Out-of-order, base architecture is from 2010, 28nm fabrication process, has some performance/complexity tradeoffs to reduce power consumption and die size (down to 3.1mm^2 from 4.9mm^2) as Jaguar is designed to give tablets a big performance increase, more instructions than previous low-power models (SSE4.x, hardware AES and more), increased floating-point performance over Bobcat, and AMD claims ~15% instructions-per-clock gains over bobcat.
So from the Jaguar architecture, AMD is building two main cores.
- Kabini is for the desktop market and there's already model specifications out there, all with "AMD HD 8xxx" GPUs integrated. The 8xxx series supports Directx 11.1, OpenGL 4.3, and OpenGL ES 3.0 (insert Dolphin mention here). The current models do not have Turbo enabled, though Jaguar itself supports it. TDP is 9-25W.
- Temash is the second core built off Jaguar, and created for low-power environments. TDP is 3.9-9W, one of the publicly-available models will have Turbo (can clock up to 1.4ghz from 1.0), and Temash can be dual or quad-core.
And here's the chart most people have more interest in...
The architecture used currently clocks up to 2.0ghz, most rumors point to clocks of 1.6ghz for both the PS4 and XONE. The PS4 and XONE seem to have similar or even the same CPU specs, but as we've already heard the PS4's going to be using way-higher-clocked RAM, and 50% more GPU cores.

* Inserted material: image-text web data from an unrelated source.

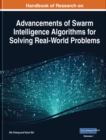 Handbook of Research on Advancements of Swarm Intelligence Algorithms for Solving Real-World Problems - eBook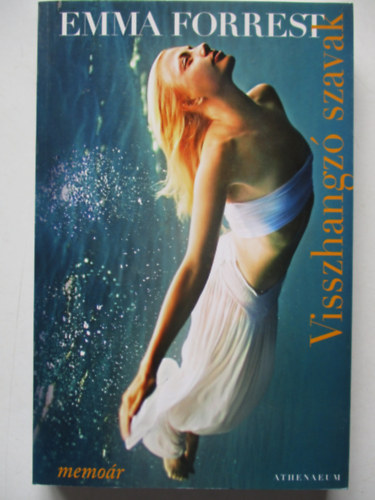 Emma Forrest - Visszhangzó szavak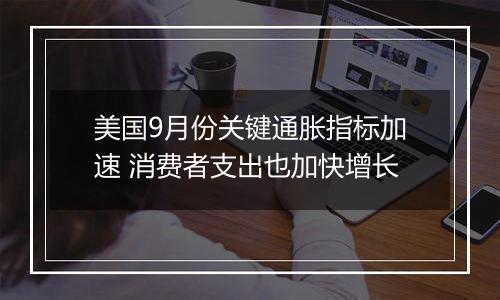 美国9月份关键通胀指标加速 消费者支出也加快增长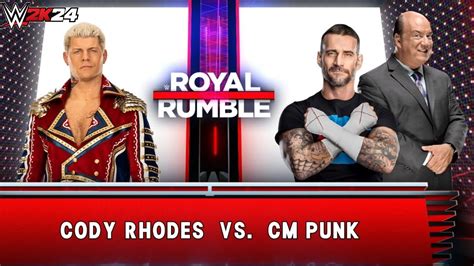 Full Match Cody Rhodes Vs Cm Punk Royal Rumble Wwe 2k24 Youtube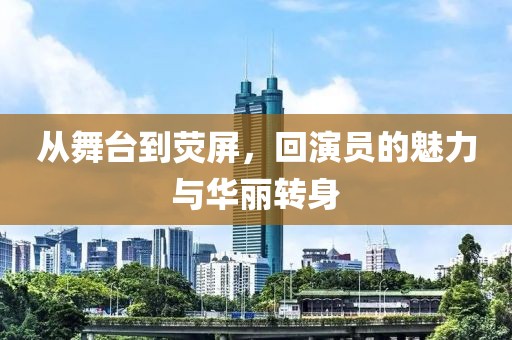 从舞台到荧屏，回演员的魅力与华丽转身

If we knew the specs for the various AMD HD 8xxx cores then we could possibly figure out the closest CPU models for the PS4 and XONE and fill in the missing specs on both sides, but that info doesn't seem available just yet as the cores only commercial launched yesterday, it'll take time for the CPU-Z and GPU-Z databases to mark all the exact differences between the models... and that also assumes that the PS4 and XONE would be using the integrated GPUs and not a separate dedicated chip (the XONE motherboard appears to have no expansions cards so the GPU is either the on-die CPU one or somewhere else on the motherboard).
Also for anybody that's still holding out hopes for 360 BC on the XONE...
The move away from PowerPC to 64-bit x86 cores means the One breaks backwards compatibility with all Xbox 360 titles. Microsoft won’t be pursuing any sort of a backwards compatibility strategy, although if a game developer wanted to it could port an older title to the new console. Interestingly enough, the first Xbox was also an x86 design - from a hardware/ISA standpoint the new Xbox One is backwards compatible with its grandfather, although Microsoft would have to enable that as a feature in software - something that’s quite unlikely.